Tuesday, May 24, 2011
A few points while choosing Hadoop to solve our problems
Update your Open Source Tools frequently
Open source technologies are those being contributed from various developers across the globe, there are not much of rigorous testing happening behind the hood before the open source technologies are released compared to other propriety products like Oracle, Informatica etc. When we use Hadoop tools, every tool is getting improved day by day with new patches on to it and new major releases rolled out frequently. It is highly recommended that we keep our work confined to the latest releases of open source tools. In Hadoop we use a variety of tools like Pig, Hive, Hbase, Sqoop etc, There should be an effective mechanism in cluster management that would keep track of the latest updates available on the softwares , and tools , and in turn keep it updated with the new releases. This practice would considerably reduce the wastage of development time in debugging a few issues that has been fixed already in latest releases. Such an incremental approach to cluster management is very essential in cases of technologies like Hadoop which is still not cent percent stable.
Choose your Open Source Tool wisely
This is a crucial choice for m/r developers.
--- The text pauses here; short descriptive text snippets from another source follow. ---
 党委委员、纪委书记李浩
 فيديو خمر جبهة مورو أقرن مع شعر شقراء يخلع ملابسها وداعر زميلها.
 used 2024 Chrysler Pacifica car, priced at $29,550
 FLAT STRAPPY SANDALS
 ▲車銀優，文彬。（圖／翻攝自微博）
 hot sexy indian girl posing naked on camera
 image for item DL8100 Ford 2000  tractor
When we are heading to the implementation of a requirement the choice of tools plays a vital role in the long term existence and smooth running of the project. We have to choose only those open source Software/tool that has a big name associated with it or supporting the same ie a pool of developers are constantly working on its improvement. This is a matter of high priority because in most scenarios an open source tool/project is short lived if not adopted by a major IT giant. Hence choose your tool wisely. If you need an interactive distributed data base what would you go for, HBase? Why Hbase? Is it adopted my any IT major? These queries should be addressed before you finalize your tool .
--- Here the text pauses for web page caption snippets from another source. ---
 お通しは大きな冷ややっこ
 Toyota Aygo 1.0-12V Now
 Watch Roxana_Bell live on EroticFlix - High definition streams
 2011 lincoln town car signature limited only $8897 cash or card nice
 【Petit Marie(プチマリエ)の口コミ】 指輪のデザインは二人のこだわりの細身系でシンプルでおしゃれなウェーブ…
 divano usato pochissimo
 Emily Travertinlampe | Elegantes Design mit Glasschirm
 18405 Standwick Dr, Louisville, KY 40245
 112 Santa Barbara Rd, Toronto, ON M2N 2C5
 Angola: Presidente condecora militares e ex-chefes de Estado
Minimize Custom Map Reduce Codes
A small question to you all, in the web era if you want to develop a web scale application, what would be your preferred language of development? Assembly Language or any High Level Language. Definitely it would be a High Level Language. The same applies in the Hadoop scenario as well, always depend on High level tools on Hadoop built over map reduce such as Pig, Hive etc for your application. These tools are already highly optimized for better performance and effective resource utilization. You should go for a custom map reduce if and only if it is inevitable, when you are developing a custom Map Reduce code a lot of effort has to go behind in fine tuning the same for better performance and effective cluster utilization.It is hard for any map reduce developer to take into account the configurable parameters in hadoop which counts to more than 300.